A artista salientou ainda que as temáticas relacionadas com o género e a sexualidade têm sido o objeto das suas obras há bastante tempo, “e do meu pensamento ainda há mais”, aponta.
“Sinto uma necessidade pessoal e política de entender os mecanismos com os quais funciono, e entender quais os que me pertencem a mim e quais são do mundo exterior e não meus. O que eu sinto realmente meu, e o que eu sinto por imposição.”
No que concerne ao corpo feminino, objeto central das suas obras, a artista destaca que “ver o nu feminino em contextos que não sexuais é extremamente poderoso”, sublinhando que sempre sentiu conforto no seu próprio corpo, mas que “elementos externos” a si lhe impuseram noções de “vergonha” e “culpa” que agora tenta desconstruir no seu trabalho.

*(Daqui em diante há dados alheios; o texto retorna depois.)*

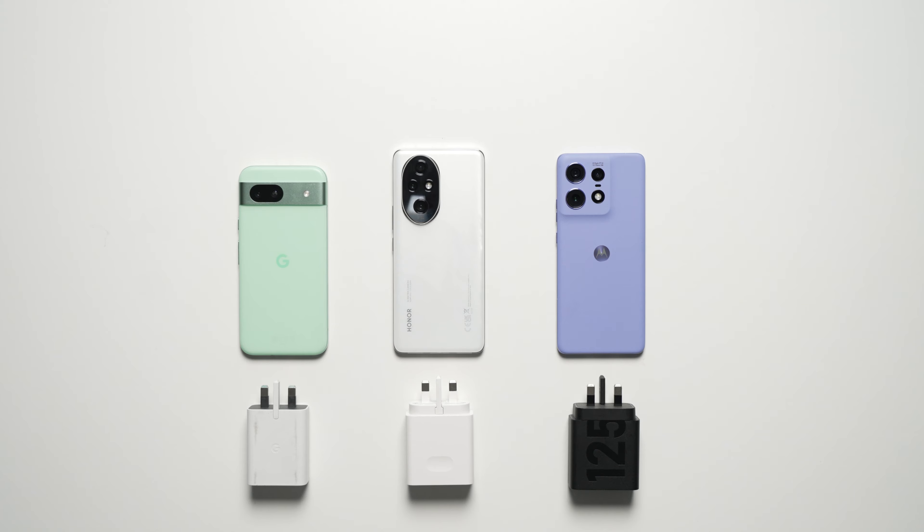Hi, Ben from Lover of Tech. Welcome to this ultimate wired battery charging test between the Honor 200 Pro, the Moto Edge 50 Pro, and the Pixel 8A. Let's get into it.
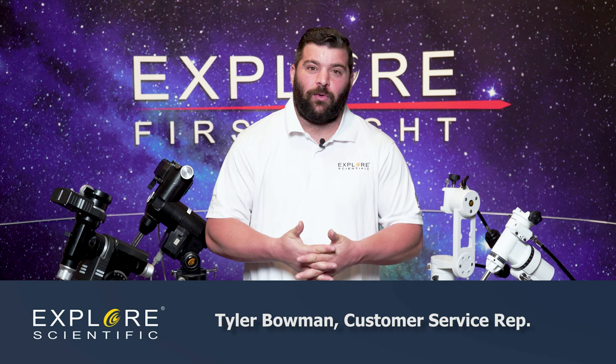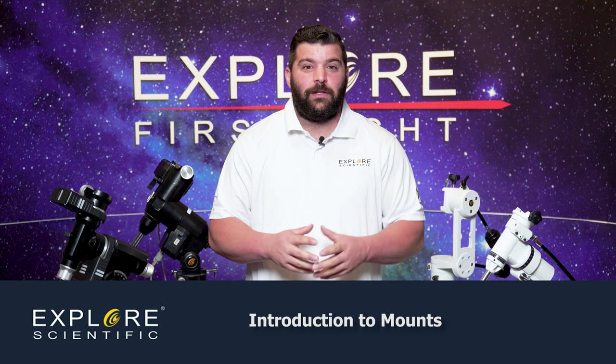Hey, this is Tyler with Explore Scientific. Welcome back to this wonderful series we're going to have on Explore First Light. Today, we're going to talk about mounts.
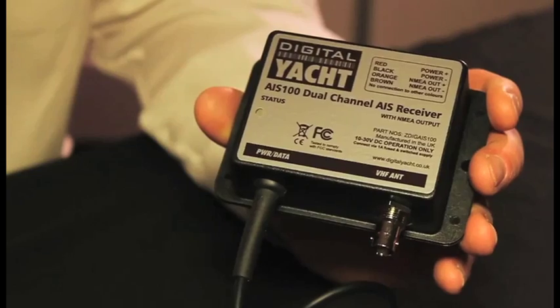Most leading chart plotter brands now incorporate AIS technology inside their chart plotter, so brands like Raymarine, Furuno, Standard Horizon, Lowrance, and Simrad will all be compatible with the AIS 100.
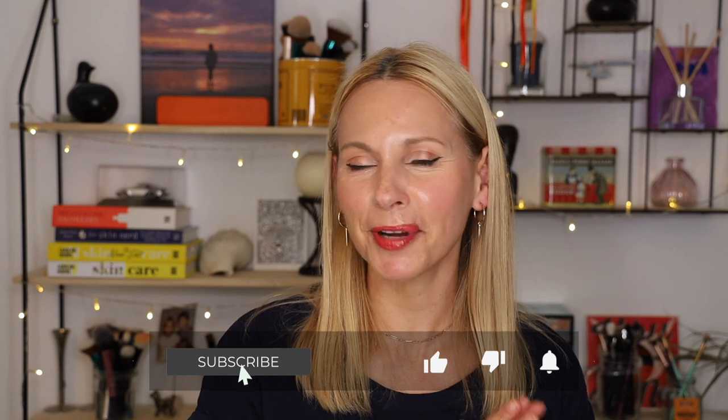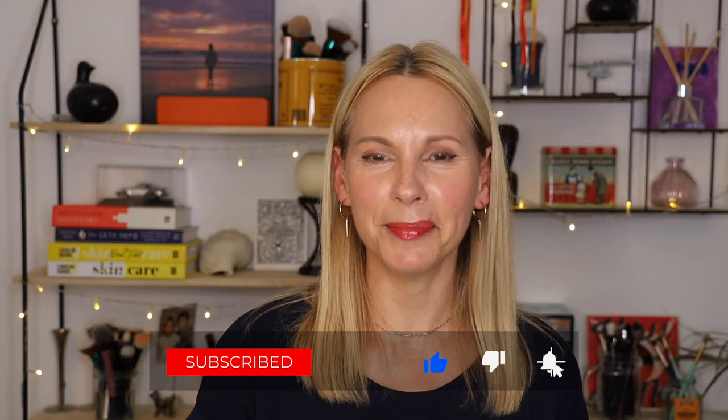I'd love to hear from you, so put your thoughts and comments down below. That's it for today's video, guys — thanks so much for joining. If you like the look of the video, I hope you'll subscribe to my channel and give this video a thumbs up. I look forward to seeing you at the next one. Bye!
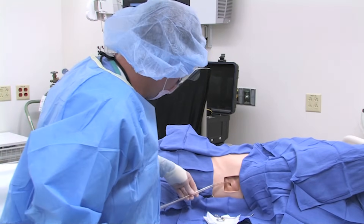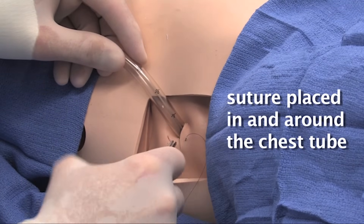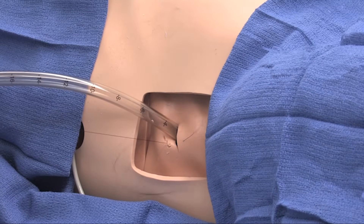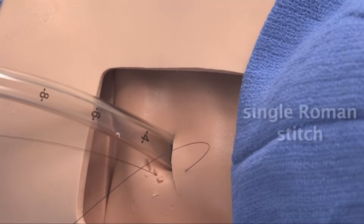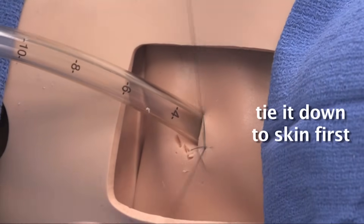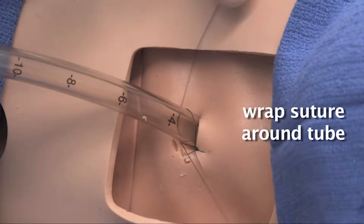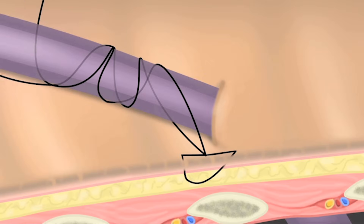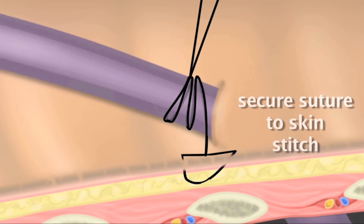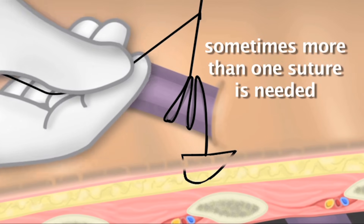Once the chest tube has been adequately placed, it needs to be secured in proper position with a suture in and around the chest tube itself. The chest tube may be secured in many ways. We perform a single Roman stitch, whereby we tie it down to the skin first, locking it in place, and then having the suture go in and around the tube itself to secure it to the skin stitch. Sometimes more than one suture is needed.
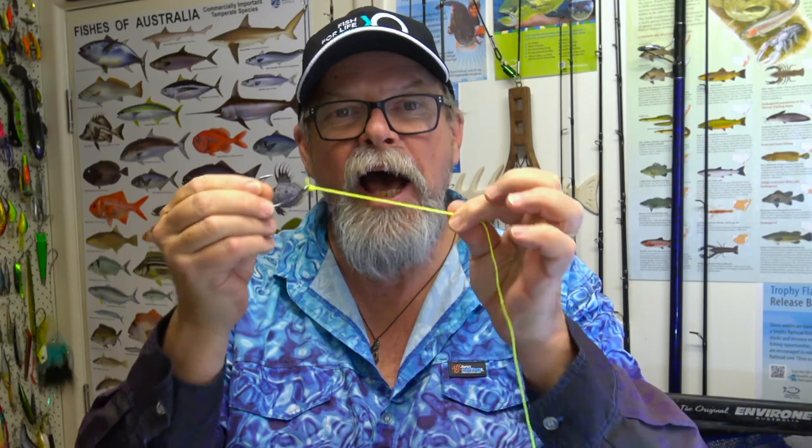And there you go, that's a half blood knot. It's simple and quick to tie and it's pretty strong.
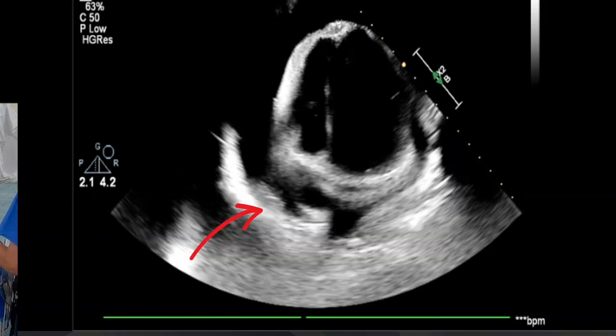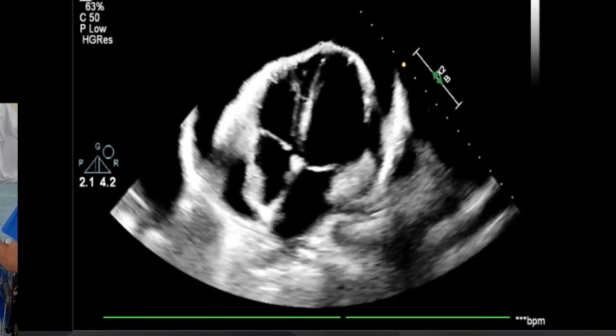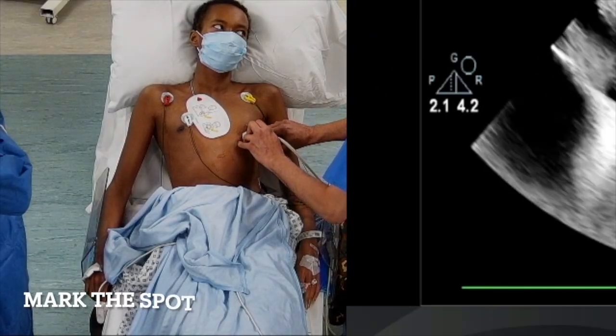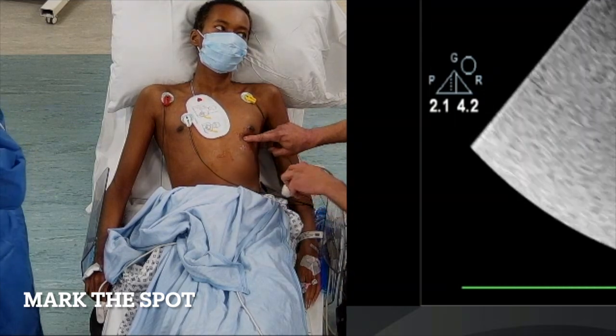To assess whether this patient is in extremis, we look at the right atrial wall — it should be collapsing when relaxed. Diastolic collapse is not happening here, but the blood pressure is a bit low, and so the indication was made to proceed with a drain.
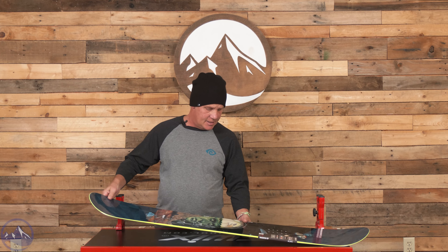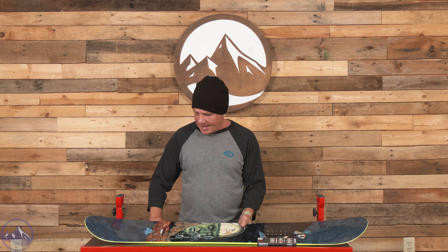Hi snowboarders, JJ here in Stowe, Vermont and I'm here at Ski Essentials talking about the Rossignol Alias. This is a true twin kids board and comes in 130, 135, 140 and it's geared towards beginner to intermediate riders who are looking for that true twin feel.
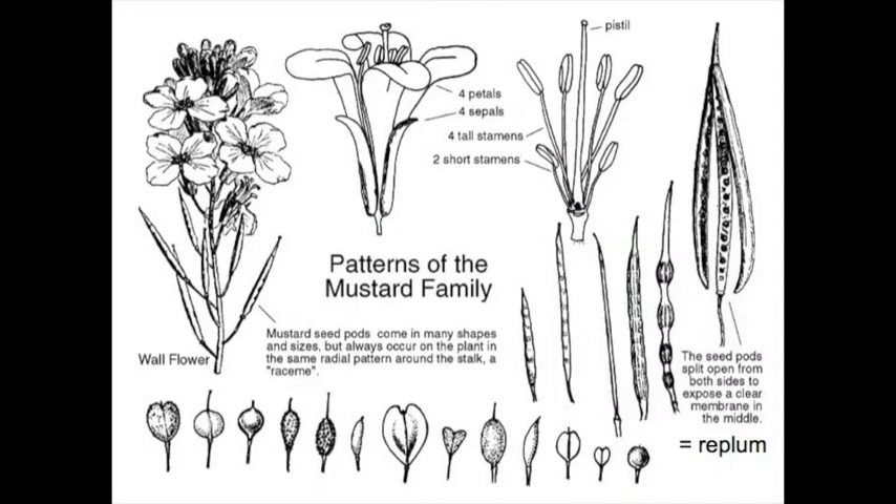The mustard family is also characterized by two distinct fruit types. One that is longer than it is broad is called a silique. The second type is a silicle, which is wider than long. These two fruit types can be seen here in this diagram, along with a general overview of the flower composition. The fruit of the Brassicaceae is also unique in that it has a central structure where the seeds are attached that remains after the two valves on the sides fall off. This particular structure is called the replum, and it occurs in both fruit types, the silique and the silicle.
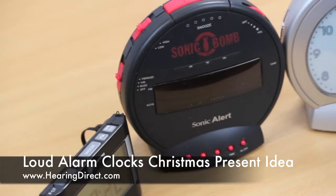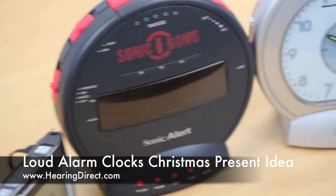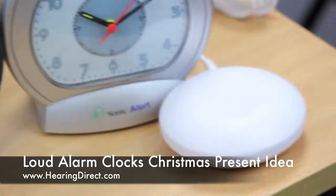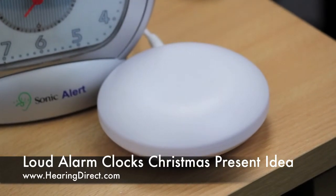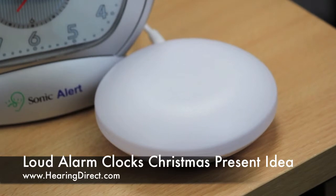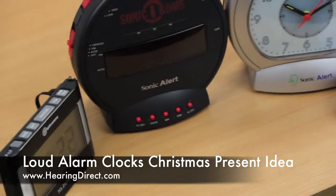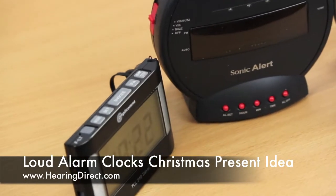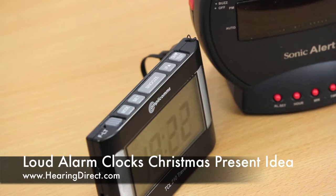Many of the amplified alarm clocks also have a vibrate alert function, so in addition to the loud sound that comes out of the alarm clock itself when the alarm goes off, you can choose to activate the vibrate function. On the travel alarm clock, this is built into the alarm clock itself, so the whole unit will vibrate, and many people choose to put it underneath their pillows so that it will definitely shake them awake.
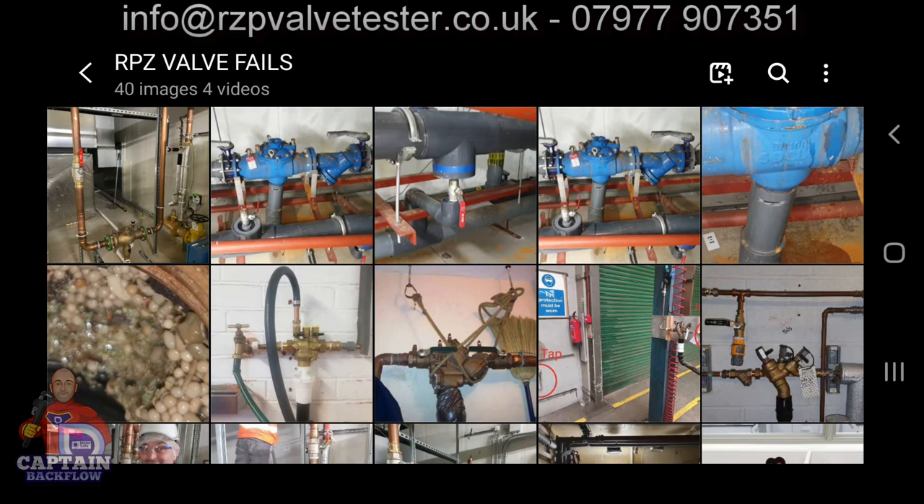I've just been so busy with work I haven't had the time to keep this channel up to date, but we are out there on patch — testing, inspecting, installing, and repairing RPZ valves. These are some fails that I've come across and I wanted to show them to you.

Inês frisou ainda o papel dos outros artistas que participaram na elaboração da exposição, “há uma união no nosso trabalho. Lidamos com a liberdade, com a autonomia e com a delicadeza que é o Ser e o existir num mundo que espera tanto de nós”.
“Olhar corpo a corpo” com a série de autorretratos de Diogo Oliveira
Diogo Oliveira vem de São João da Madeira e mudou-se para o Porto no último ano. Confessa-nos que vir para o Porto foi imperativo para poder “ganhar liberdade” e “desenvolver o seu potencial artístico”.
O fotógrafo não tem uma formação superior no campo das artes, tendo, contudo, formação em dança contemporânea, algo que considera influenciar muito os seus trabalhos. “Sinto a necessidade de expressar o corpo a voltar a mim de outra forma”.
Com as suas obras, cujas grandes referências são os artistas Francis Bacon e Antoine D’Agata, o artista procura “criar uma constante provocação”, através da exposição do corpo de forma “animalesca”. Realça que o ser humano sente necessidade de se “ver no outro” para poder estabelecer empatia. Nesta série fotográfica, Diogo apresenta um corpo, mas “não da forma que querem”.
Para o artista, explorar as várias facetas do corpo materializa-se não num projeto, mas “numa necessidade”, longe de terminada. Por fim, o fotógrafo confessa que ainda quer “aprofundar ainda mais o trabalho fotográfico e enveredar também pela área da performance”.